> **Task prompt**: Your copy of the listing must be exact and must hold no images.

(Given data Opens)

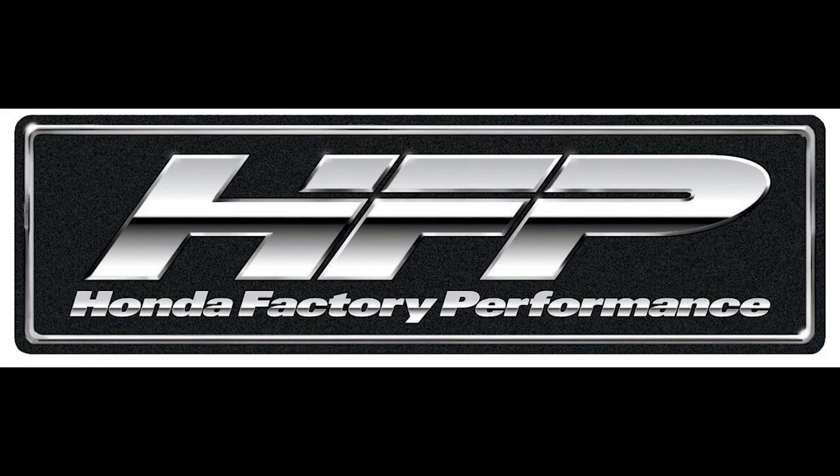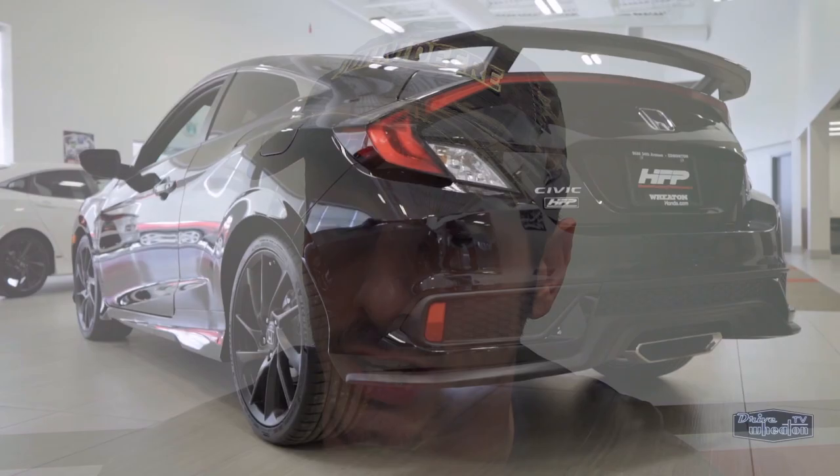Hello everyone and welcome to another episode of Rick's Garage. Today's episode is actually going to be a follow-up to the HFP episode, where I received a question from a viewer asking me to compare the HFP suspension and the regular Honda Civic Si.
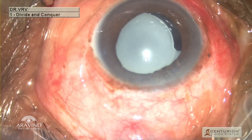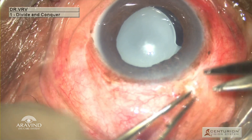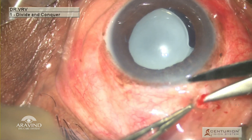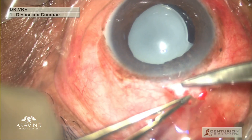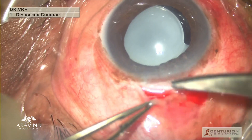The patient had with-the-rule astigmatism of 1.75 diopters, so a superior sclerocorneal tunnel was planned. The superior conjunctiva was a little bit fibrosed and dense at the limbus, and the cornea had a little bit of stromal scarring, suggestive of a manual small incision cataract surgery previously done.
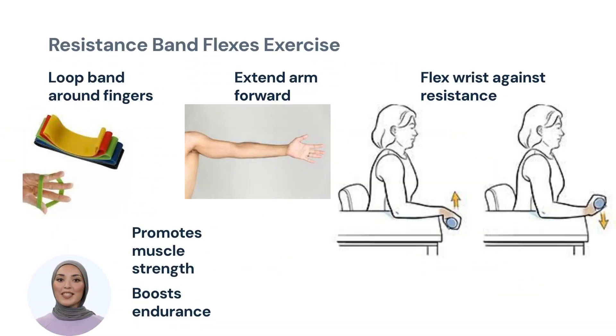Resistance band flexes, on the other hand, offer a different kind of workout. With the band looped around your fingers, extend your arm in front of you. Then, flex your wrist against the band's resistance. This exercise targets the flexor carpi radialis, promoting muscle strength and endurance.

(Given data Closes)

> **Exercise result**:
Hello everyone and welcome to another episode of Rick's Garage. Today's episode is actually going to be a follow-up to the HFP episode, where I received a question from a viewer asking me to compare the HFP suspension and the regular Honda Civic Si.
The patient had with-the-rule astigmatism of 1.75 diopters, so a superior sclerocorneal tunnel was planned. The superior conjunctiva was a little bit fibrosed and dense at the limbus, and the cornea had a little bit of stromal scarring, suggestive of a manual small incision cataract surgery previously done.
Resistance band flexes, on the other hand, offer a different kind of workout. With the band looped around your fingers, extend your arm in front of you. Then, flex your wrist against the band's resistance. This exercise targets the flexor carpi radialis, promoting muscle strength and endurance.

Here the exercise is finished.